Early this week Washington D.C. City Council member Jack Evans introduced a bill that would legalize sports betting in the US capitol city. Evans’ strategy is to move quickly and establish D.C. as a local sports betting powerhouse before lawmakers in neighboring states, such as Maryland, can move to create their sports betting bases.

In Evans’ view, the city state is uniquely positioned to take advantage of a lack of real casinos in the area, as well as a strong interest in sports betting, to raise badly needed revenue to fund childcare and development, as well as the arts. In a statement reported on by the Washington Post, Evans stated the situation bluntly noting:

We can be first and get a lot of money or 51st and not get any.

Under the terms of Evans’ bill, operators would be taxed 10 percent of their monthly gross revenue for the privilege of offering wagers to local residents and, presumably, plenty of out-of-town politicians and their staff members. Operators would have to pony up $50,000 for a five-year license.

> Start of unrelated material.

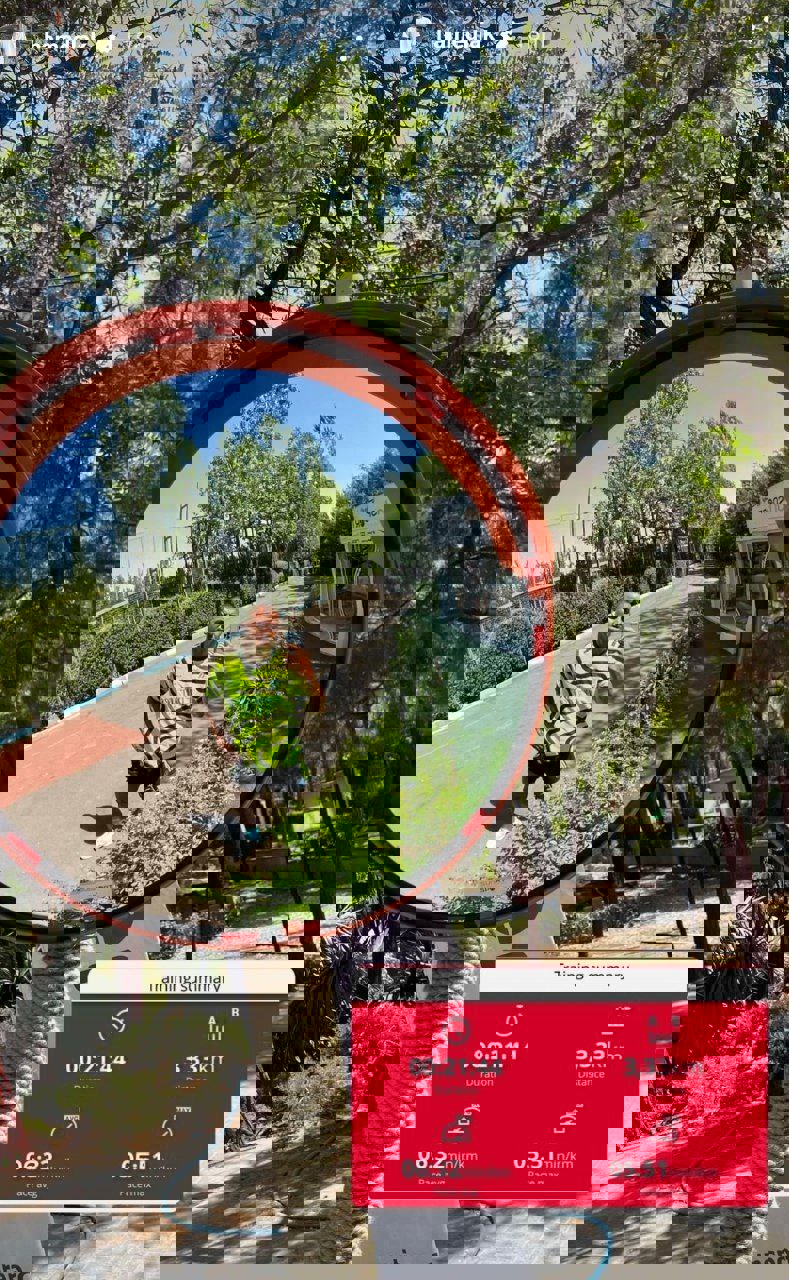 2055452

The upstart councilman seems to have plenty of support from his colleagues, including those who aren’t exactly thrilled about the idea of legal gambling at all. D.C. Council Chairman Phil Mendelson says he doesn’t like gambling but will support the bill saying:

It’s clear that residents have long accepted . . . gambling of the nature like the lottery and Internet sports gambling as acceptable, so it’s important to amend the law to reflect the Supreme Court’s actions.

So far there’s no word on when the Washington D.C. City Council is set to actually discuss and vote on the bill.